**Problem to work on**
Dropping every picture, set down exactly the lines in the entries below, starting with the line with "Here is a black" and going on through the line with "Rice pudding is".

**Input data**
────────────────────

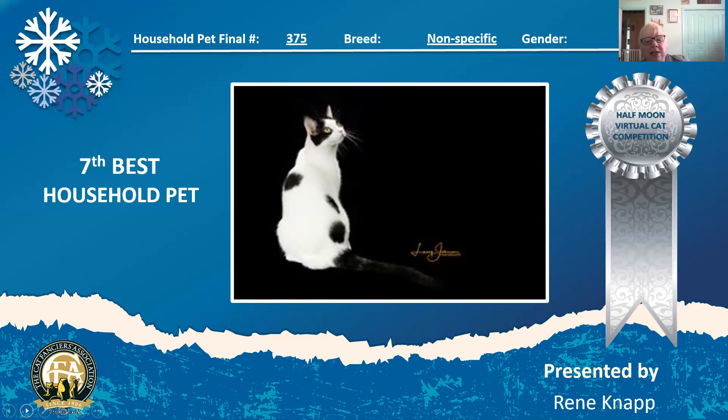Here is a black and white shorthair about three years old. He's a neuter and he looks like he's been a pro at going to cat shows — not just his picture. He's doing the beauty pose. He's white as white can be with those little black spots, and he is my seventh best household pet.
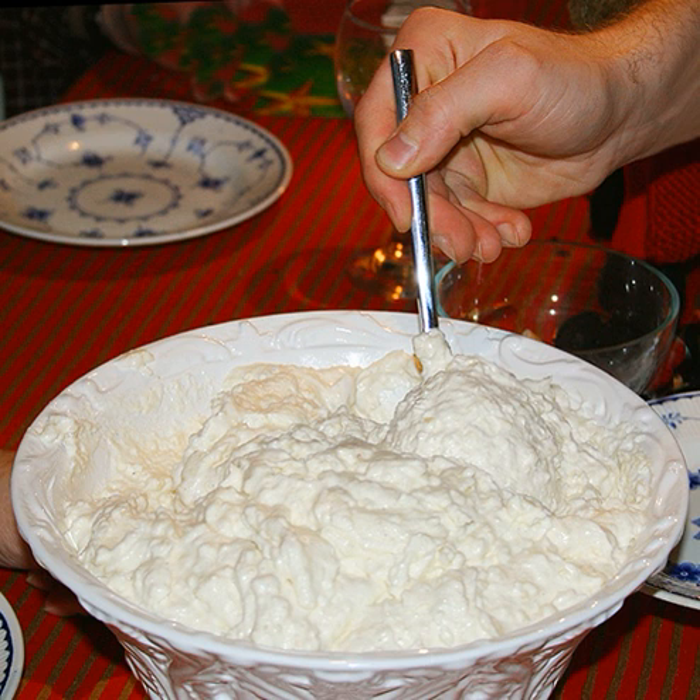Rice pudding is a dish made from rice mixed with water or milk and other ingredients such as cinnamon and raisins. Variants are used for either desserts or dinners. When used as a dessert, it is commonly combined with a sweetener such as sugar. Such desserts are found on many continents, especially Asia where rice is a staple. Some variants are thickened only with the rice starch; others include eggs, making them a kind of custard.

────────────────────

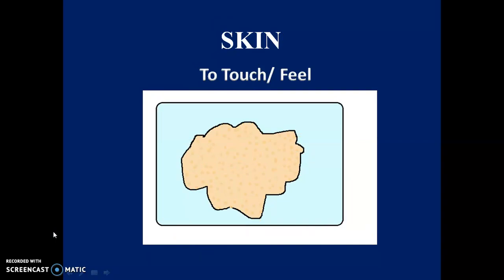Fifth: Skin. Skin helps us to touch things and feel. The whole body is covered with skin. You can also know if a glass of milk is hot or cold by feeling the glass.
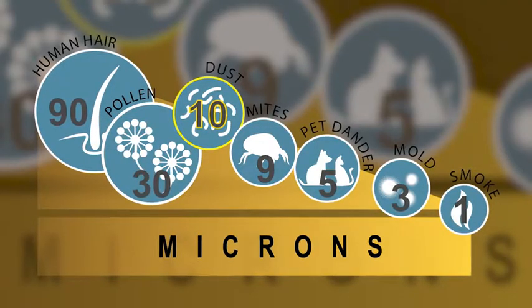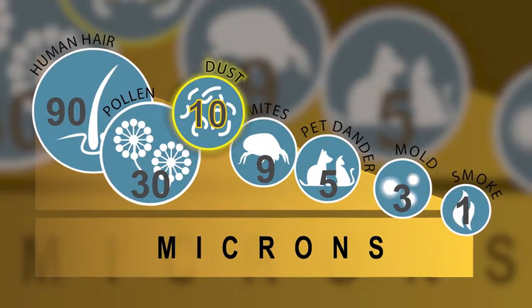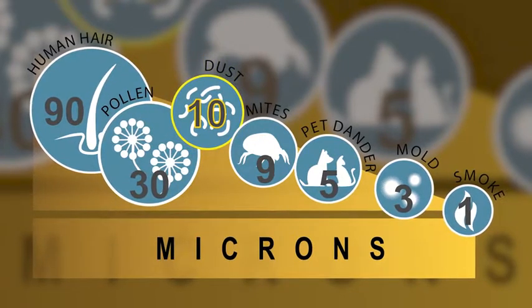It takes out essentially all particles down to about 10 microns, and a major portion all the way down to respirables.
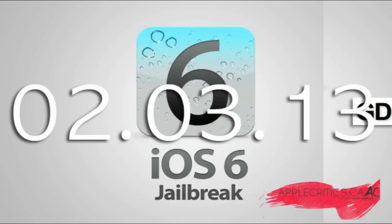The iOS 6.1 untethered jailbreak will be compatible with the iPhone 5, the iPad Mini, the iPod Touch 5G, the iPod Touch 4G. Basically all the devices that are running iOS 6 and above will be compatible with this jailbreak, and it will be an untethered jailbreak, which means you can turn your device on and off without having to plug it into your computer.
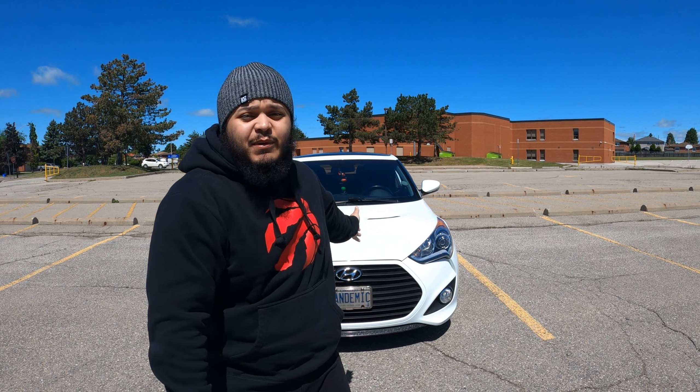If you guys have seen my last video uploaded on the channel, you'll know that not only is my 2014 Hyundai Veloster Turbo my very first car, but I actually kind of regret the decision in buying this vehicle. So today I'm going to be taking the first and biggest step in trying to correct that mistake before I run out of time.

────────────────────

**Answer**
Here is a black and white shorthair about three years old. He's a neuter and he looks like he's been a pro at going to cat shows — not just his picture. He's doing the beauty pose. He's white as white can be with those little black spots, and he is my seventh best household pet.
Rice pudding is a dish made from rice mixed with water or milk and other ingredients such as cinnamon and raisins. Variants are used for either desserts or dinners. When used as a dessert, it is commonly combined with a sweetener such as sugar. Such desserts are found on many continents, especially Asia where rice is a staple. Some variants are thickened only with the rice starch; others include eggs, making them a kind of custard.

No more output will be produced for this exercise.